Sometimes the rising currents of air in a large cumulonimbus are powerful enough to pick up objects from the ground. Through its nozzle—a tornado—a cumulonimbus is capable of vacuuming up fish, frogs even hens. Inside the cloud these objects are sorted according to size (the lighter they are, the higher they travel) before being thrown out to fall back to Earth. There are well documented cases of fish being spat out by the tonne from stormclouds, and it is possible that the quail which fed the Israelites in the wilderness were delivered by this method.
The tornado delivery service can be very important for the dispersal of species across wide areas of the Earth, and is certainly one of the reasons why virgin land such as freshly erupted volcanic islands is colonised so quickly.
The power of clouds is not to be underestimated. They may be lifegivers by virtue of the fact that they bring rain, but they can also be killers. There are records of aircraft flying into cumulonimbus and never coming out the other side. Even as I write this, news has just come through of 16 deaths in Texas, where cumulonimbus clouds unleashed flash floods, lightning, and fist-sized hail. In April, similar stormclouds dropped hail stones that were almost basketball size in China.
The biggest clouds are virtually self-perpetuating systems. Warmed by the internal heat of large scale condensation, they are able to suck up reservoirs of water vapour from surrounding air banks to keep on growing. Upwelling air in the interiors of these large cloud masses is balanced by downdrafts around the edges, and this regulates the spacing between one aerial island and the next.
For those of us who spend most of our lives inside buildings, clouds may have become something in the nature of lost treasures. But when we do find the time to watch clouds, part of the enjoyment is seeing them change. And change is what they do most of the time, for clouds are not so much objects as events; they are the footprints of the winds, making visible to us the interplay of water and air.
The sheer variety of skyscapes has long prompted people to see faces, animals, even entire continents being painted in the clouds. Hamlet asked, “Do you see yonder cloud that’s almost in shape of a camel?” then changed his mind, “Methinks it is like a weasel” then changed it again, “Or like a whale?”
Janet Frame offered a more domestic interpretation in her novel The Carpathians: “the clear new sky arched so close as if the town had its personal sky, the occasional clouds drifting like various shapes of washing set free by the wind.”
In 312 A.D., Constantine thought he saw chi-rho—the first two letters of Christ’s name in the Greek alphabet—in the cirrus. At the time, he was invading Italy in an attempt to become ruler of the western half of the Roman Empire. He ordered the letters to be painted on the shields of his soldiers before battle, and, although outnumbered, he achieved a crushing victory at the battle of Milvian Bridge outside Rome.

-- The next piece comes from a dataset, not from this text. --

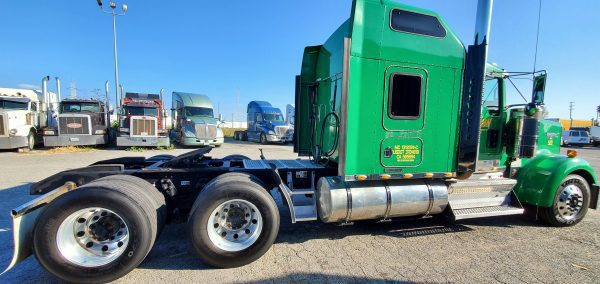 2009 Kenworth W900 Classic - Image 4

Nowadays we may not have the inclination to look for messages in the clouds, nor even the time to notice the sky’s ever-changing vistas, but, chances are, we will use clouds from time to time as metaphors in our speech. When things are going really well we may say there’s not a cloud on the horizon, and even when difficulties present themselves we may stoutly aver that every cloud has a silver lining.
It is arguably better to have your head in the clouds than to be under a cloud, but who could dispute that, best of all, is to be on cloud nine.